"Dost, dost diye nicesine sarıldım,
Beyhude yalvardım, hey yar, boşa yoruldum
Benim sadık yarim kara topraktır..."
Kim dost dediğinden, sarıldığından kazık yemediyse o dünyanın şanslı insanlarındandır... Babam rahmetli derdi ki, bir kazık yersin birinden doğaldır herkes yer, iyi niyetlisindir umutvarsındır, ikinciyi de yersin, ama üçüncüyü de aynı kişiden yiyorsan süzme salaksındır... Dedem daha farklıydı, daha birinciyi yerken cümbüşüne başlardı... Üç beş fark etmez orada neşesini bulurdu... Ben sanırım ne babam gibiyim, ne dedem gibiyim... Yiyoruz kazığı da neşemizi bulmayı beceremiyoruz henüz, saçı sakalı ağırtıyoruz...

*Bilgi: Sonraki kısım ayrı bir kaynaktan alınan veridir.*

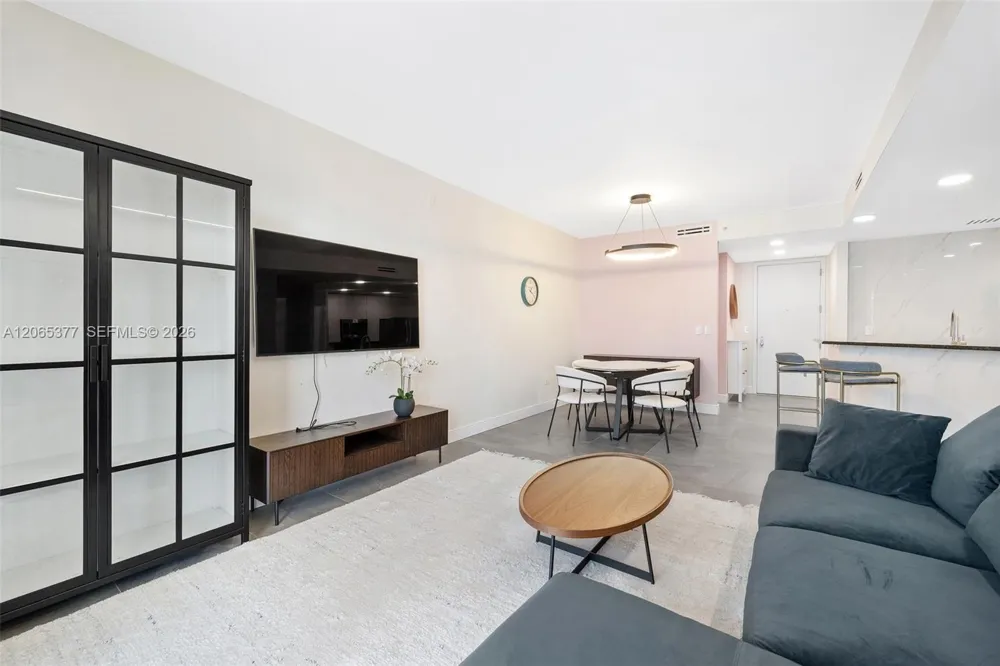 801 Brickell Key Blvd #1805 Miami, FL 33131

"Hakikat ararsan, açık bir nokta
Allah kula yakın, kul da Allah'a
Hakkın gizli hazinesi neslin toprakta
Benim sadık yarim kara topraktır..."
Hakikat daha ötesi değil, o yakınlığı sağlayabilmek, "Yaradan" herkese aynı yakınlıkta, ya sen "O" na ne kadar yakınsın... "Ölmeden ölünüz" der! Seri yola sermek kolaydır... İşin kolayıdır, öteye değil uzağa gitmektir, hiçbir şey ifade etmez... Ölmeden geçebiliyor musun egondan, benliğinden, vicdanınla egonun kavgasında , kendini rahatlatacak kadar indirebiliyor musun egonu? Seri vermeden bedeni mecazi olarak, koyabiliyor musun kara toprağa, Hakkın gizli hazinesini buldun demektir... "O" sana senden daha yakındır da "sen" yakın olmuşsundur ona o noktada... Girersin kapısından gülistanın gizli hazinesini bulursun orada... Sadrının, yüreğinin gözüyle görürsün, Veysel gibi...Kulaklarınla değil sadrınla bulursun doğruyu, gözlerinle değil, yazıdan değil, sadrından okursun, yüreğinden... Yalnızlık yoktur... Göz kendini göremez, ayna gerekir görmesi için... Aynanı bulursun... Ölmeden ölmek, bir sandal, bir mangalla yaşamaktır, krallığı, kraliçeliği peşinde koşanlara bırakıp soytarı olmaktır... Kendi firavununla dost olmayı becermektir... "Sen de bana cennette su vermezsin!" diyen Yezid'e... "Senden ne farkım kalır" ı ta yüreğinle diyebilmektir. Ölmeden ölmek... Nefret duygusunu kitaptan silmektir...
Veysel'in anlattığı "kara toprak" bu hazine aslında... Ölmeden ölmek... Aşka sığınıp vuslatı beklemektir... Kılıcın kınından çıkmasını beklemektir.. Benim beceremediğim, ne zaman becereceğimi de bilemediğim, yediğin kazıkta neşe bulmaktır... Ölmeden ölmek...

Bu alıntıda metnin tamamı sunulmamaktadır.